The decision model developed has two main components: a short-term element, which characterises the period over which these localisation strategies are applied and, if appropriate, surgery is conducted, and a long-term element, which considers the costs and outcomes over the remaining lifetime of the patient. In developing and populating the model, we sought to incorporate evidence and treatment recommendations from the most recent NICE clinical guideline on epilepsy (NICE, 2012).
The short-term element reflects the short-term clinical outcomes and adverse events associated with each of three localisation strategies, as informed by Uijl et al. (2007). For modelling purposes this is represented as a decision tree, as depicted in Fig. 1 below, and assumes a time-span of one year. The decision tree evaluates the strategies described in Box 2, such that patients are first considered in the model after having an MRI and video-EEG that has not led to a conclusive decision about eligibility for surgery. Patients flow through the model, their path determined by a set of clinical decisions (represented by decision nodes) and transition probabilities (probability nodes). At the end of the decision tree all patients have either died or enter the long-term model. Further assumptions were necessary to apply the results of Uijl et al. and are discussed elsewhere (Burch et al., 2012a).
Fig. 1.
Structure of the short-term decision tree. DS: experiencing at least one disabling seizure; iEEG: invasive EEG; MM: medical management; SF: seizure-free.
The short-term model links decisions to undergo surgery with the immediate outcomes: those who survive surgery can either (i) achieve seizure freedom (SF) for a year after the treatment option was provided, or (ii) have a disabling seizure (DS) within that year. Our analysis uses the term ‘disabling seizure’ to represent a patient in Engel class 2 or higher, consistent with the literature used to inform the decision model (Choi et al., 2008). Patients who had seizures that were not disabling (and as such would be classified as Engel class 1) were included in the SF states. All patients were assumed to receive anti-epileptic drugs (AED) treatment in the short-term with full compliance assumed for all procedures.
The long-term model aims to characterise the lifetime prognosis for patients leaving the short-term model, its structure is informed by Choi et al. (2008) (see Fig. 2 below for the model structure). Patients enter directly from the short-term model having either achieved SF for the first year after evaluation or having a DS within that year, excluding those patients who died during the short-term model.
Fig. 2.
Structure of the long-term Markov model. AEDs: antiepileptic drugs.

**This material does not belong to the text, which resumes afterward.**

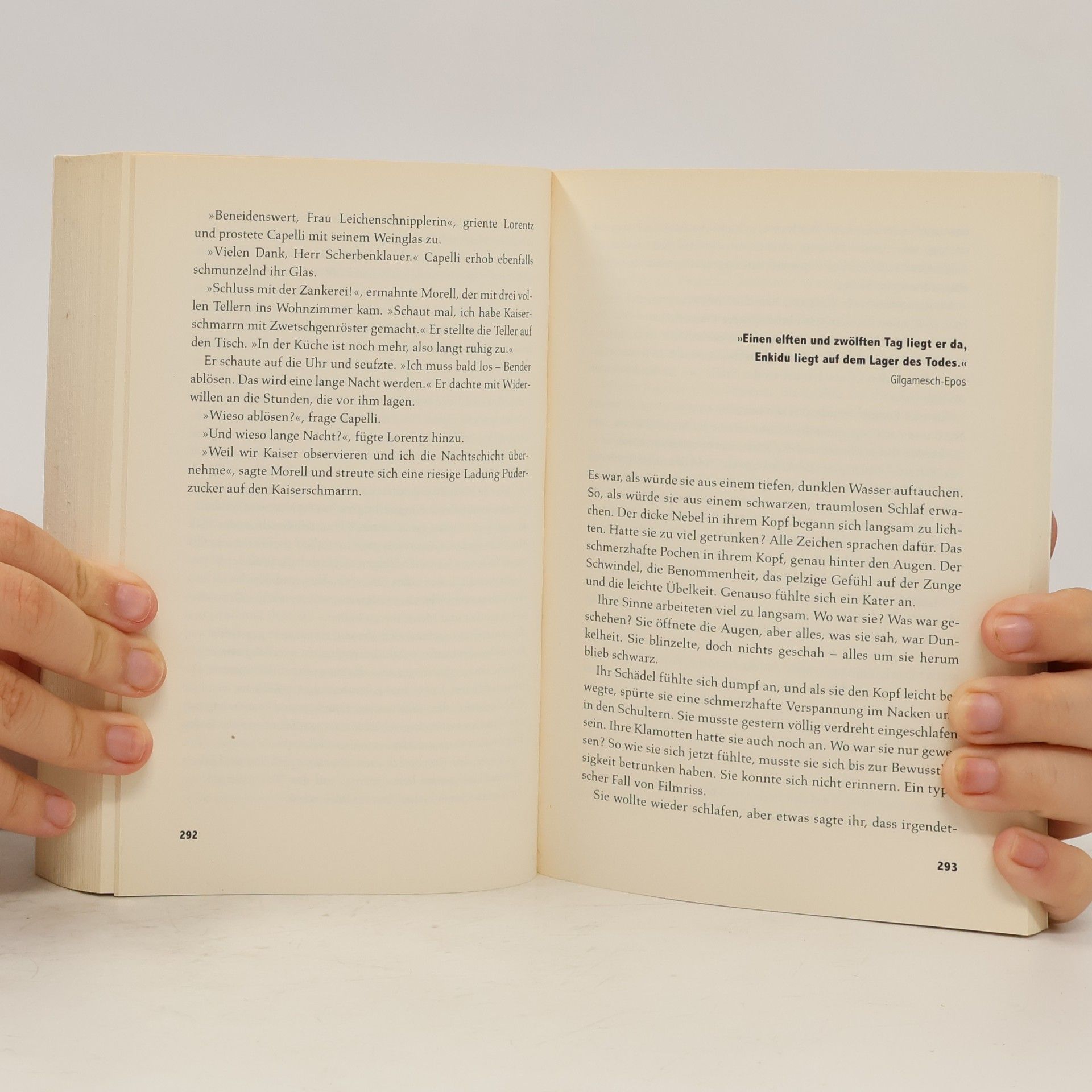 Daniela Larcher Die Zahl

Our base case model assumes that after patients are assessed for suitability of TLE surgery, and have surgery or remain on medical management alone, they face a long term possibility of remaining seizure free dependant on the treatment received. The chance of remaining seizure free is stratified into three time periods from the time of assessment to represent the variable nature of the probability of remission identified in much of the literature (Schwartz et al., 2006; Hemb et al., 2013). These periods are the first year after assessment/surgery, from the end of the first year to the start of the fifth year, and from the fifth year to the end of the patient's lifetime. The values are based of the random-effects models estimated by Choi et al. (2008) from five studies all of which estimated the long term probability of relapse in both the surgery and medical management group.
Patients who are long-term SF (having more than two years of seizure freedom) have the possibility of stopping treatment with AEDs (with a certain probability), as is consistent with NICE clinical guidelines (NICE, 2008). From all states in the long-term model patients face the risk of death, with the risk greater for patients who have had a disabling seizure in that year than those who are seizure-free.

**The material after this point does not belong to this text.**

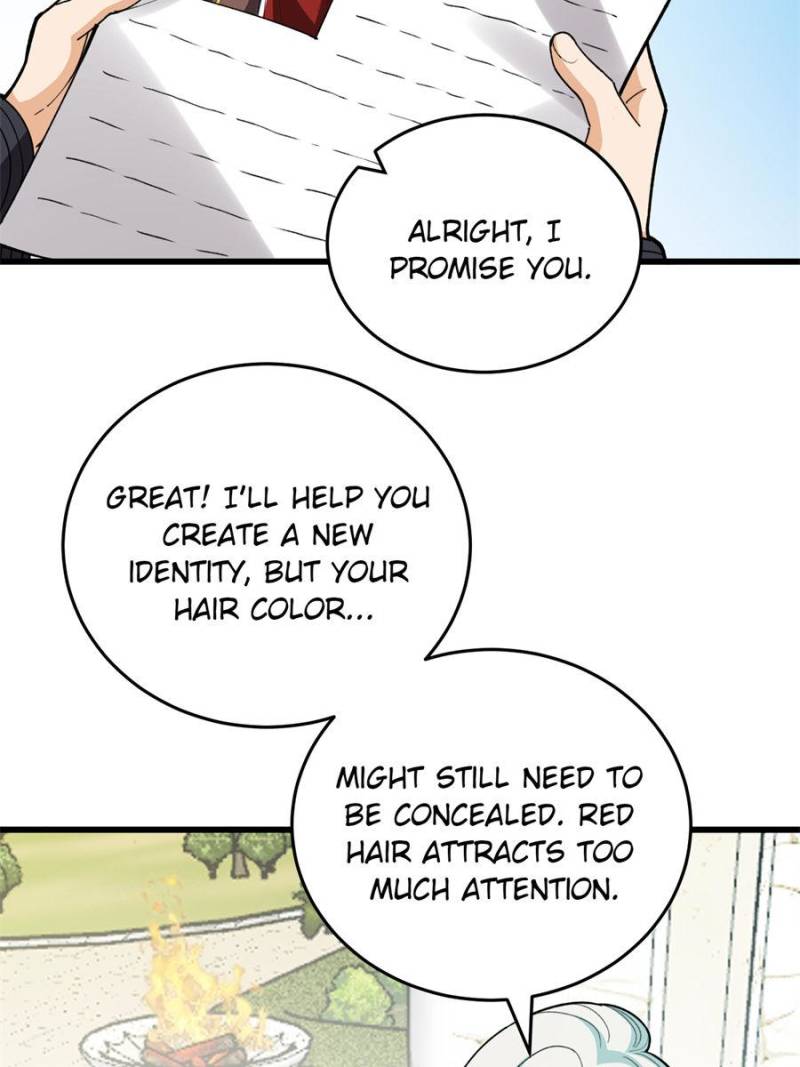 Evil Dragon Is Reincarnated! Revenge Begins at the Age of Five! chapter 278 page 24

To inform a decision model data is required on a range of parameters which can be considered in three broad groups: (i) transition probabilities, (ii) resource use and costs and (iii) quality of life. Appendix A and B Table A1 presents the values assigned in the model to the relevant inputs, alongside the confidence intervals and distributions used to represent uncertainty in the parameter estimates. Further details are provided in the full technical report. (Burch et al., 2012a) Uncertainty in the decision model inputs is investigated through the use of PSA, which characterises the uncertainty in each of the parameters and propagates it through the decision model.

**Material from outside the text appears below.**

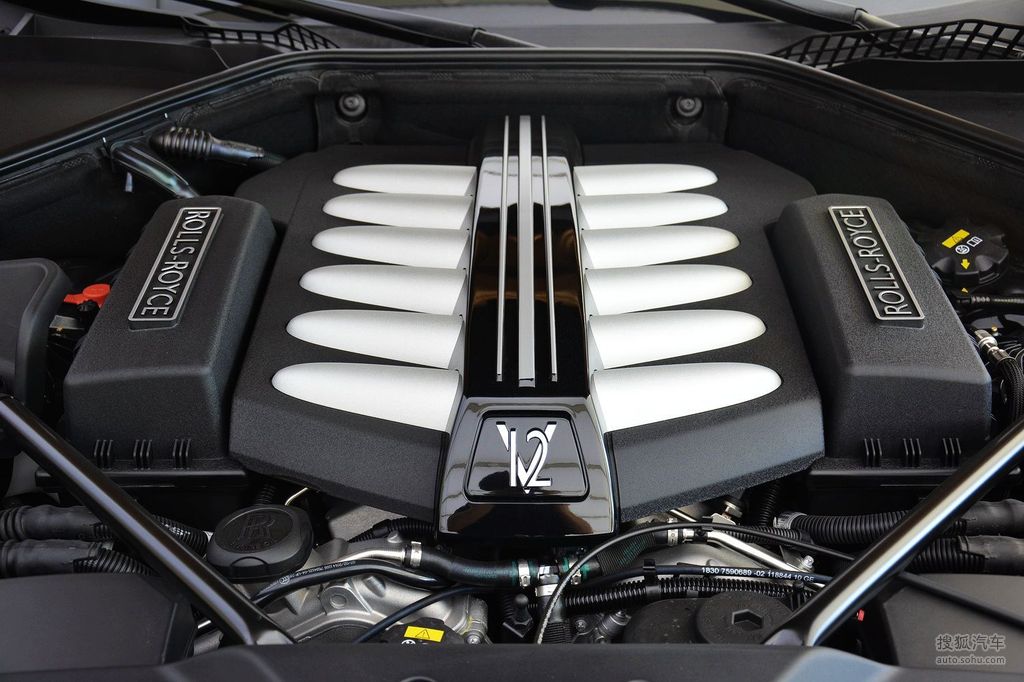 2014款劳斯莱斯古思特6.6t加长版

Resource use and costs are estimated from the perspective of the NHS and Personal Social Services, expressed in UK pounds sterling at a 2010 price base. Health outcomes are expressed in terms of Quality Adjusted Life Years (QALYs), a measure combining health related quality of life with duration of life. Both costs and outcomes are discounted using a 3.5% annual discount rate consistent with current guidelines (NICE, 2008).
Scenario analysis
An important factor in the decision model is the propensity of patients who have surgery to remain seizure-free in the long-term. As discussed above our base-case analysis uses the findings from Choi's synthesis to inform the long-term probability of patients remaining seizure-free after surgery. To explore the role of long-term seizure freedom on the results of the cost-effectiveness analysis, a highly conservative scenario analysis was constructed in which the benefits of surgery were maintained for one year only after the procedure, at which point the probability of maintaining seizure freedom is assumed to be the same as patients who did not receive the surgery. This scenario represents a conservative alternative to the base-case; however it is used to highlight the importance of surgery efficacy in the evaluation of the cost-effectiveness of medical imaging strategies considered. It is therefore a useful tool in highlighting the role of the assessment of long term clinical outcomes, as represented by level 3 of the Schaafsma structure (Box 1). The results of various other scenarios are reported in the accompanying technical report (Burch et al., 2012a).
Results
We present the results of the analysis in a number of ways, beginning with an assessment of the cost-effectiveness of the strategies considered. We then consider the implications of the uncertainty associated with the decision model both in terms of parameter uncertainty as well as the scenario analysis discussed above.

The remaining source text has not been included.